Monday, February 25, 2008

Anti-Semitism: 'Jealousy born of envy'

Also in the new Atlantic is a piece by Christopher Hitchens about Jews and "the 2,000-year-old panic." Pegged to the re-release of an old novel, Hitchens writes that Jews are discriminated against for the opposite reasons other minorities are.
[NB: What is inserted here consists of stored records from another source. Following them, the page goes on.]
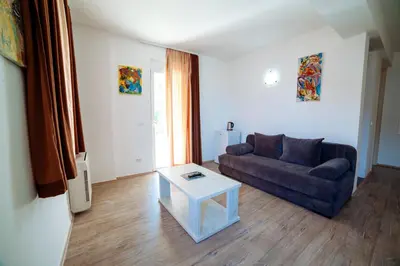 a living room with a couch and a table at Apartments Art in Ulcinj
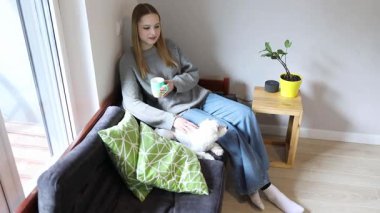 Genç bir kadın, yanında küçük bir köpekle kanepede otururken evinde çay yudumlayarak rahatlatıcı bir öğleden sonranın tadını çıkarıyor. Bir bitki rahat uzaya hayat katar..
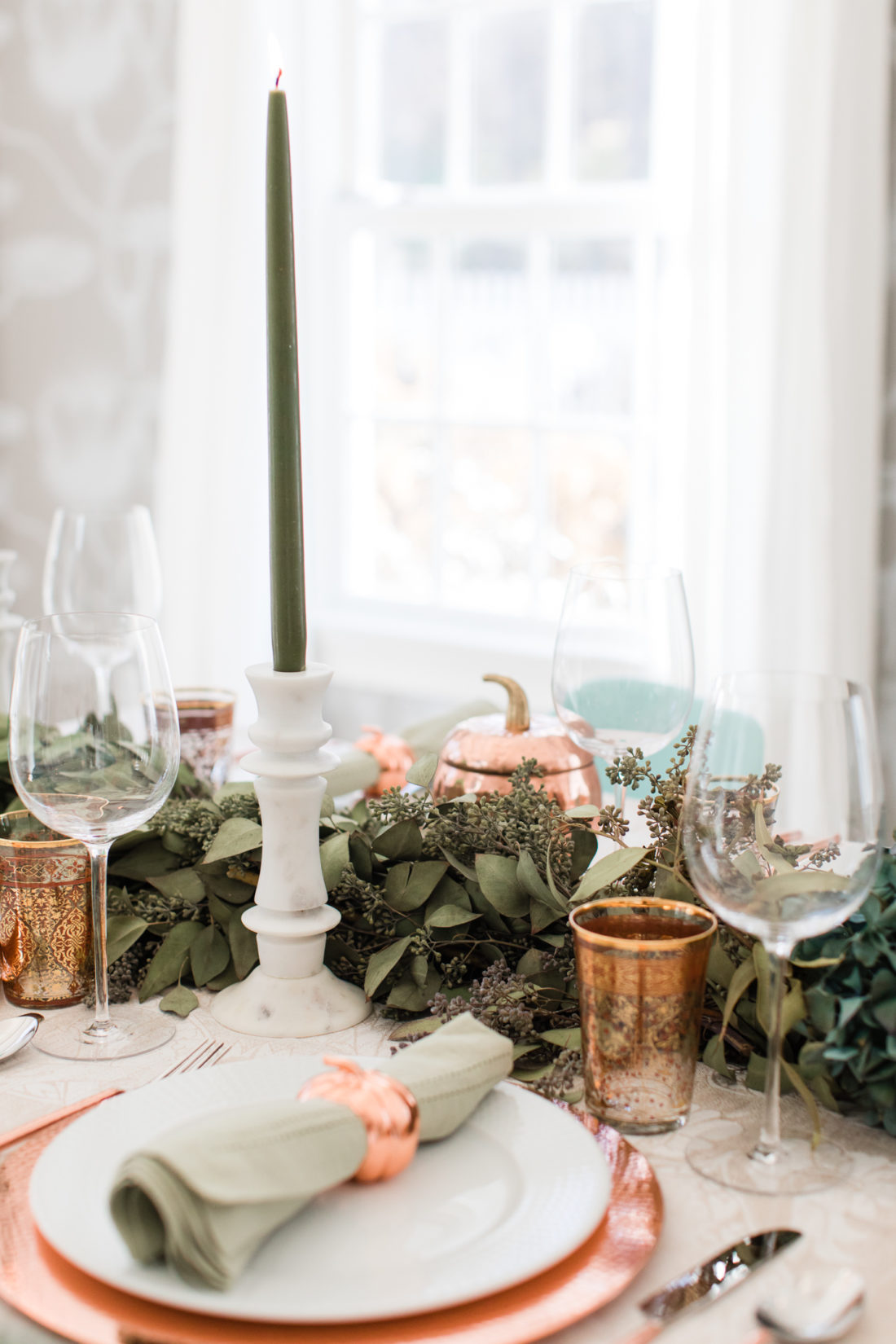 A eucaluptus garland, marble candlesticks with green candles, and a green and copper color scheme add style to Eva Amurri Martino's thanksgiving table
Almost every tribe or ethnicity has a rival tribe or ethnicity that it views as inferior or dirtier or more primitive: the Hutu with the Tutsi, the Sinhalese with the Tamil, the Ulster Protestant with the Irish Catholic, and so forth. The “other” group will invariably be found to have a different smell, a higher birthrate, and a lazier temperament. These poor qualities are sometimes attributed even by Jews to Jews: elevated German and Austrian Jews once wrinkled their nostrils at the matted sidelocks and large families of the poor Ostjuden who had come from the backwoods of Galicia and Silesia; and Ashkenazi-Se­phardic rivalry in Israel sometimes recalls and resembles this hostility. But garden-variety racists do not usually suspect the objects of their dislike of secretly manipulating the banks and the stock markets and of harboring a demonic plan for world domination. Gregor von Rezzori, in his newly reissued novel Memoirs of an Anti-Semite, meshes the micro and macro versions of interwar anti-Semitism very skillfully indeed:
They spent their childhood skipping among mounds of horse dung and flocks of gay sparrows, warbling Hebraic words of wisdom in Jewish schools … disappearing then to the next town. They returned gangling, cheeky, precocious, and self-confident a couple of years later, unfurled little red flags, and chanted socialistic marching songs; then they went off again. The next time they came back they were unrecognizable -- polished, poised, coiffed, and manicured, lugging doctorates on their proud shoulders; they dug themselves in and became dentists, high-school teachers, professors of music, and God only knows what other intellectuals, married similar solid burghers and produced streams of progeny, teaching them to speak refinedly through their noses, packing them off to the Sorbonne to get equipped the better to meddle with the course of the history of civilization.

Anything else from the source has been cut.